Please note that these guidelines are not meant to modify or override anything in the Graduate School’s Thesis Procedure Manual, though they do represent what has worked best for thesis writers in English.
The Graduate School will also provide you with a range of information and instructions through the “Mastering Your Thesis” Canvas site, in which you will be automatically enrolled when you are enrolled in the thesis course (ENGL 698). Note that your thesis committee currently does not have access to this Canvas site—do not assume that anyone on your committee is familiar with anything on it.
Please contact the English Department’s Graduate Program Coordinator with any questions.
Overview
The thesis is the culmination of your MA in English: it’s meant to demonstrate your accomplishments in close reading, research, argumentation, and original thinking, and to showcase the particular interests you’ve developed in your studies. With this in mind, many students have found it helpful to think of the thesis less as a final exam for the MA than as an opportunity to develop their ideas and intellectual interests in a more focused and sustained way than they’ve been able to do before.

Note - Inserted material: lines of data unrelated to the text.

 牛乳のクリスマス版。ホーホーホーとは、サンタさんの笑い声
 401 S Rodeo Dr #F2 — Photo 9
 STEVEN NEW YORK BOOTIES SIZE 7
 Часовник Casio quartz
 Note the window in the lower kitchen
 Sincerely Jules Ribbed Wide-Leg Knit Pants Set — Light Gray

It’s also important to remember that at 25-35 double-spaced pages, the thesis is neither a book nor a dissertation. The best model to use is one of your favorite scholarly articles (ideally one published in the last twenty years or so), and it’s important to study a source like that in thinking about how you want to structure your argument, make use of your sources, and foreground your contribution.

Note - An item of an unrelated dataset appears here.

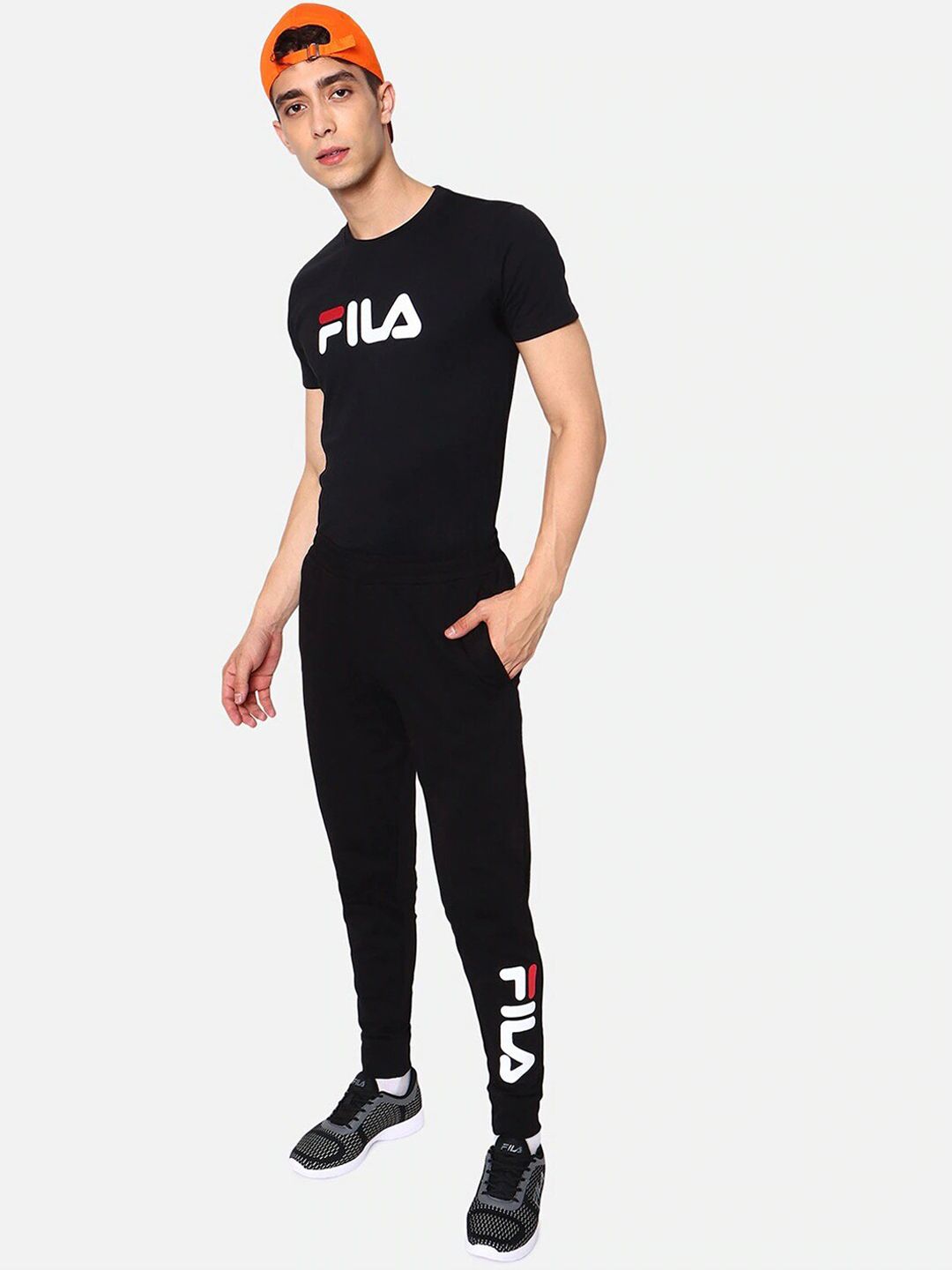  FILA Men MANAKIN Solid Cotton Joggers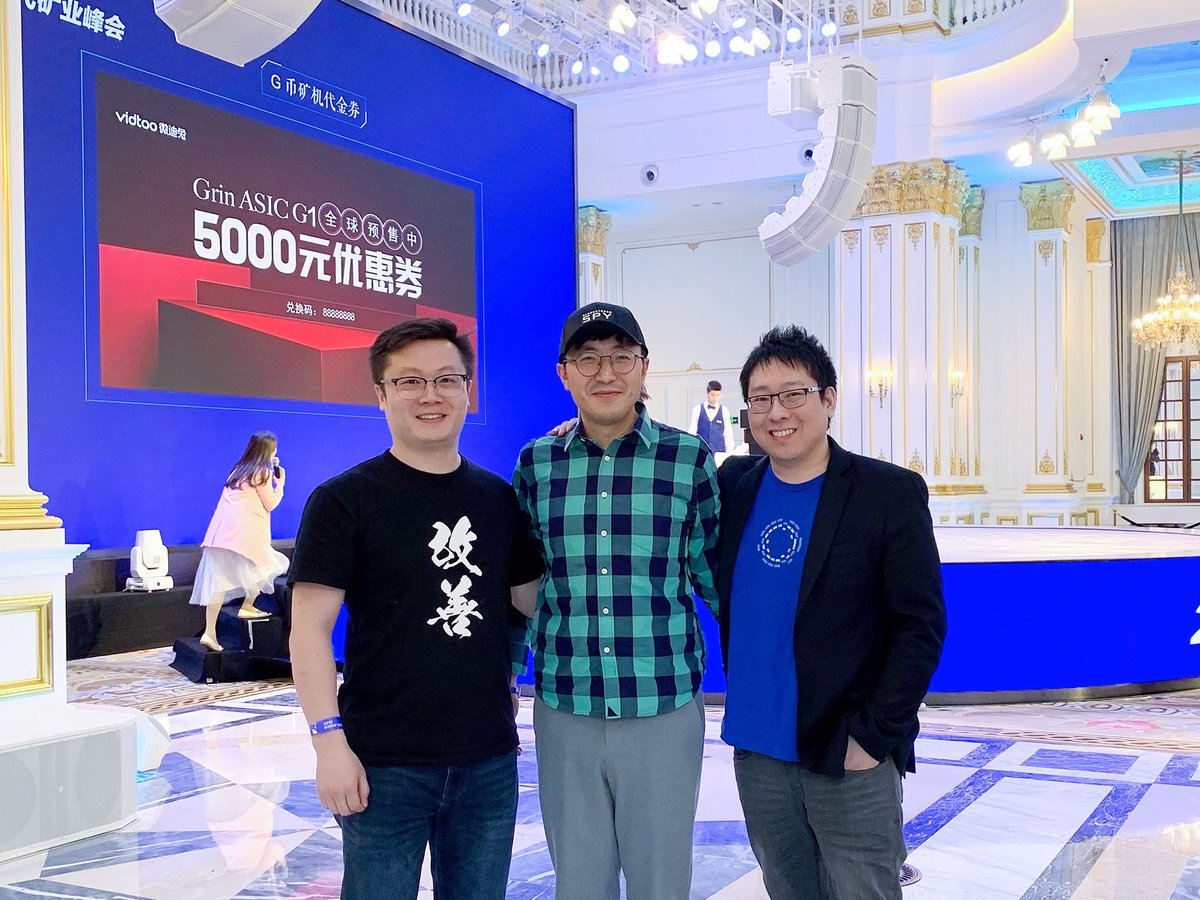 Excellion's tweet image. Turns out that @satofishi was a #BlockstreamSpy all along. No wonder #SegWit2x failed! 🕵🏻‍♂️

You should generally plan to write your thesis in the final semester of your MA program (unless you are a BA/MA student with an undergraduate teaching certification, in which case you may need to take one additional summer course after completing the thesis in the spring). Throughout your MA coursework, you should be on the lookout for topics and term papers that might serve as the basis for your thesis. In the semester before you write your thesis, you will need to write a short proposal, assemble your committee, and send the relevant materials to the Graduate School so that they can enroll you in the thesis course for the following semester. Each of these steps, along with the standard process for the thesis semester itself, are described in detail below.
Early planning
The thesis project is designed to take shape from a final paper for a graduate seminar. There is no strict requirement for this to be the case, and the thesis can depart quite a lot from the approach of the original paper; but students and faculty should be aware that additional preparation and a significantly more intensive process during the thesis semester will probably be necessary if the thesis does not have a basis in a prior project.
Students are encouraged to consult with their professors about whether a specific term paper might be a good basis for a thesis, and about what approach might be most promising.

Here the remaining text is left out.